Eu chamo-me Teodoro – e fui amanuense do Ministério do Reino.
Nesse tempo vivia eu à Travessa da Conceição nº 106, na casa de hóspedes da D. Augusta, a esplêndida D. Augusta, viúva do major Marques. Tinha dois companheiros: o Cabrita, empregado na Administração do Bairro Central, esguio e amarelo como uma tocha de enterro; e o possante, o exuberante tenente Couceiro, grande tocador de viola francesa.

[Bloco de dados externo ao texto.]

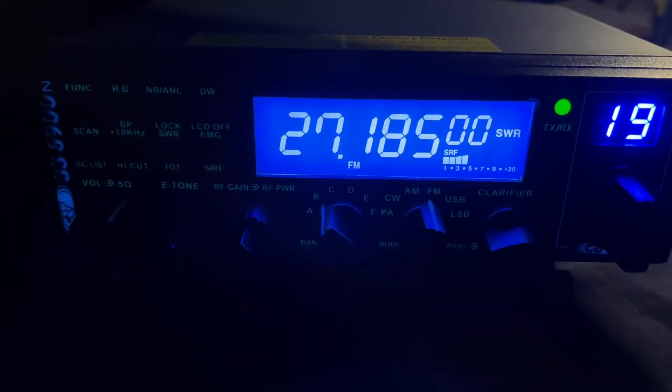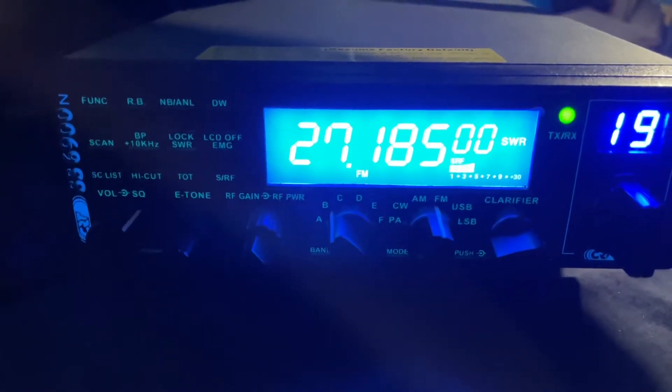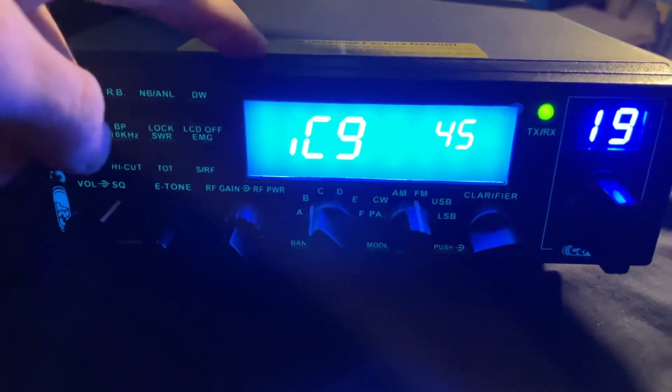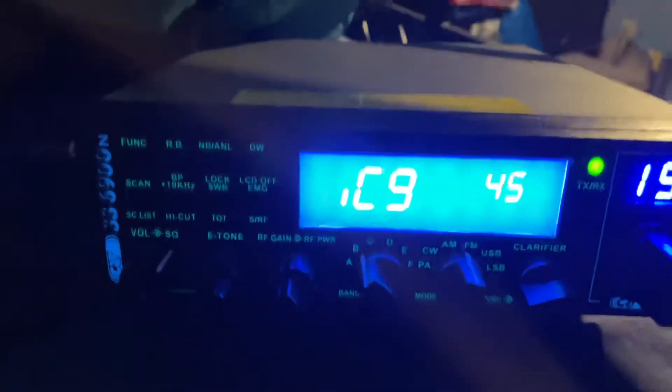In this video, I'll be showing you how to change the mic gain on a CRT SS6900. You want to start by pressing and holding function until the menu comes up on the screen. And it's this first option, IC9, and then you can use the...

A minha existência era bem equilibrada e
suave. Toda a semana, de mangas de lustrina à carteira da minha repartição, ia
lançando, numa formosa letra cursiva, sobre o papel «Tojal» do Estado, estas
frases fáceis: «Il.mo e Ex.mo Sr. – Tenho a honra de comunicar a V. Ex.a...
Tenho a honra de passar às mãos de V. Ex.a, Il.mo e Ex.mo Sr...»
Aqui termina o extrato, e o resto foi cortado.